2015-11-13 Thread John-Mark Gurney
Alfred Perlstein wrote this message on Thu, Nov 12, 2015 at 11:35 -0800:
> I'm adding Freebsd-virtualization to this thread as both problems point 
> to some possible issue with FreeBSD as a guest.  (although a bare metal 
> comparison should likely be done as well).

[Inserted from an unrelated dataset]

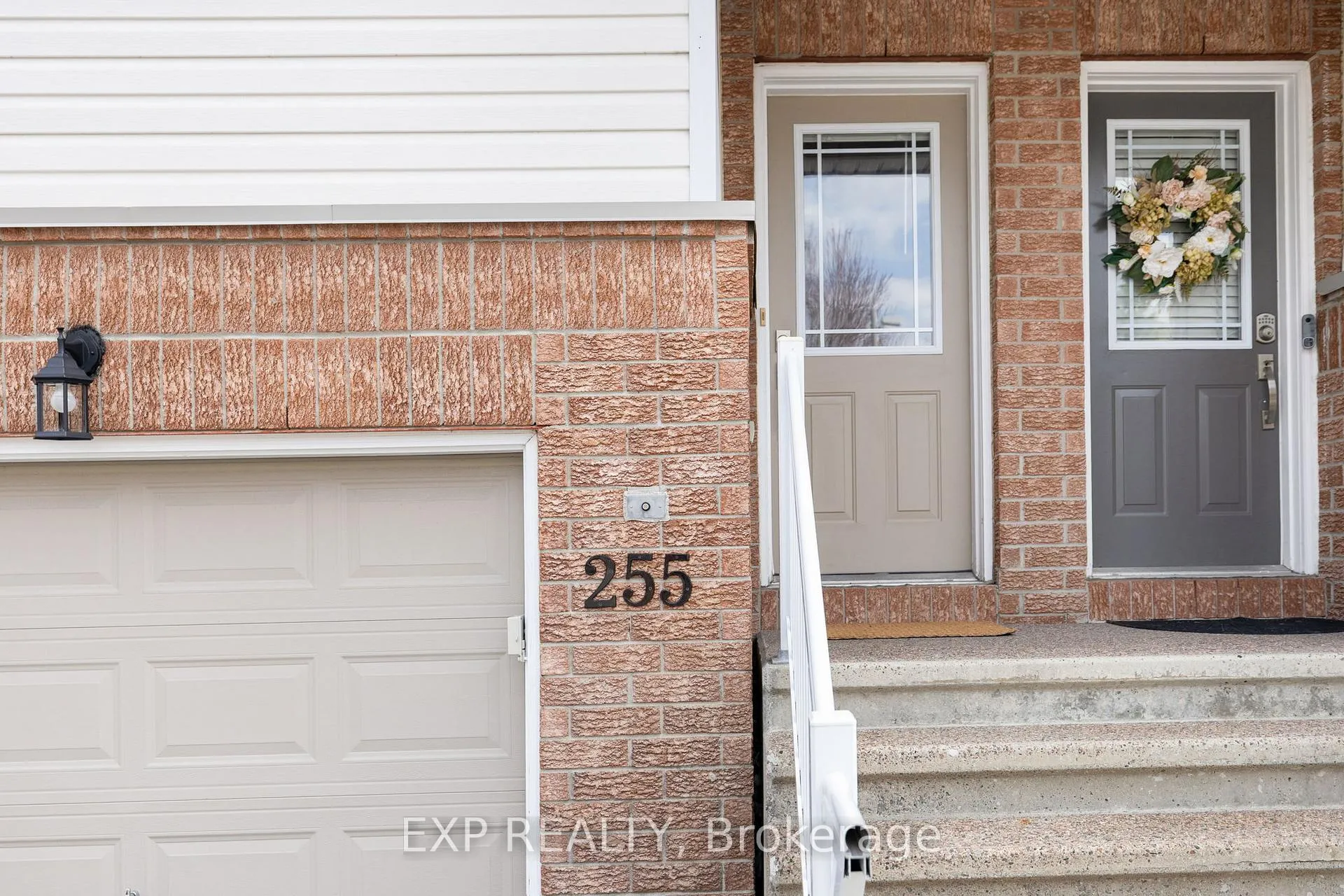 Photo 2 of 255 Gershwin Private, Ottawa, Westcliffe Estates — HOMEH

This could simply be a python compiled w/ different compiler and
compiler optimization flags issue...

One easy way to eliminate FreeBSD is to take the Linux version of
python, and run it on FreeBSD using the linux emulator to help ensure
that the performance is the same when running the same binary on the
two OS's...

> On 11/12/15 11:26 AM, Vladimir Bogrecov wrote:
> > Hello,
> >
> > I'm developing a little project on Python 3.5. The server's operating
> > system is FreeBSD 10.2. Today I decided to do a little test "just for fun"
> > and the result has confused me. I ran the following code
> >
> > import random
> > import time
> >
> >
> > def test_sort(size):
> >  sequence = [i for i in range(0, size)]
> >  random.shuffle(sequence)
> >  start = time.time()
> >  ordered_sequence = sorted(sequence)
> >  print(time.time() - start)
> >
> >
> > if __name__ == '__main__':
> >  test_sort(100)
> >
> > on FreeBSD 10.2 x64 and on Debian 8 x64. Both computers was the smallest
> > (5$ per month) virtual machines on the Digital Ocean (
> > https://www.digitalocean.com). The average result on the FreeBSD was 1.5
> > sec, on the Debian 1.0 sec. Both machines was created specially for test
> > and had not any customization. Could you help me to understand why python
> > is so slower on FreeBSD and may be there are some steps I can perform to
> > speed up the python to work not slower than on Debian.
> >
> > I have found in Google the similar question:
> > https://lists.freebsd.org/pipermail/freebsd-python/2012-June/004306.html so
> > it has an interest not only for me.
> >
> > P.S. I really like FreeBSD and I would be happy to solve this issue. If you
> > will have an interest to this issue I can provide SSH access for both
> > machines :)

-- 
  John-Mark Gurney  Voice: +1 415 225 5579

 "All that I will do, has been done, All that I have, has not."